4 steps to help you uncover your best self
One of the most impactful activities I completed during my coaching training was the Reflected Best Self Exercise. As part of the exercise, you’re asked to reflect on your strengths and gather stories from more than 10 individuals from different times and facets of your life about when they saw you at your best. At the end of the exercise, you receive a report that includes the stories, as well as prompts to help you identify themes and strengths that you can leverage in your current professional role.

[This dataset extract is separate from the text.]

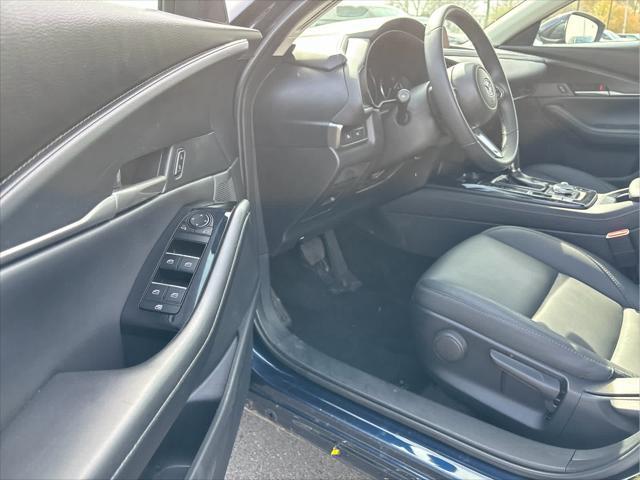 used 2024 Mazda CX-30 car, priced at $24,937
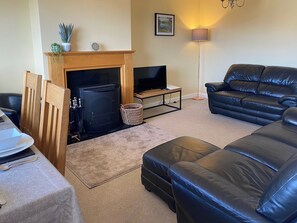 Living room/dining room | High Fellside, Ambleside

My report helped me understand that one of my strengths was building relationships. It was something I instinctively knew but had never considered a strength in a professional context. As a result of my report, I refocused how I spent my time and reconsidered how I brought value to my work. I also happened to complete the exercise during a time of career transition. Reading stories from others about my strengths was not only moving, but also re-energizing in a moment when I needed assurance that I had made the right decision.
Completing the Reflected Best Self Exercise can help you uncover strengths you may have overlooked and boost your confidence as you move forward with a new personal or professional identity, whether you’re switching career focus, just got promoted, or recently became a new parent. Research supports this approach, too: it shows that individuals respond positively to praise, as it instills confidence and inspires people to perform better.
How it works
The Reflective Best Self Exercise was developed by experts at Harvard Business School and the Ross School of Business at the University of Michigan. It stems from an area of organizational behavior research called “positive organizational scholarship,” which is showing that companies that focus on positive characteristics, such as strength, resilience, vitality, and trust, can increase productivity and performance for both individuals and the organization itself.
The exercise includes four steps:
Identifying respondents who will provide feedback
Recognizing patterns
Creating your best-self portrait
Applying what you learn to your career
To turn the stories you gather into actionable insights, one key step is to identify themes and determine what they mean for you and your career. As an example, below I’ve included a table that I created to help me interpret my own results based on the one offered by the exercise's creators.
This tool can have benefits for many individuals, but I find it to be most useful for those who are in a time of transition and need to identify how they can use their strengths to either facilitate or solidify a change. While discussing your strengths can be confidence-boosting, it’s also important to recognize that leveraging them in your day-to-day routine takes thoughtfulness, commitment, and continuous reflection. As a coach, I can partner with you to interpret your results, develop a plan of action, and create accountability mechanisms to ensure that you are making progress toward your goals.
Source
Roberts, L. M., Spreitzer, G., Dutton, J., Quinn, R., Heaphy, E., & Barker, B. (2005). How to Play to Your Strengths. Harvard Business Review.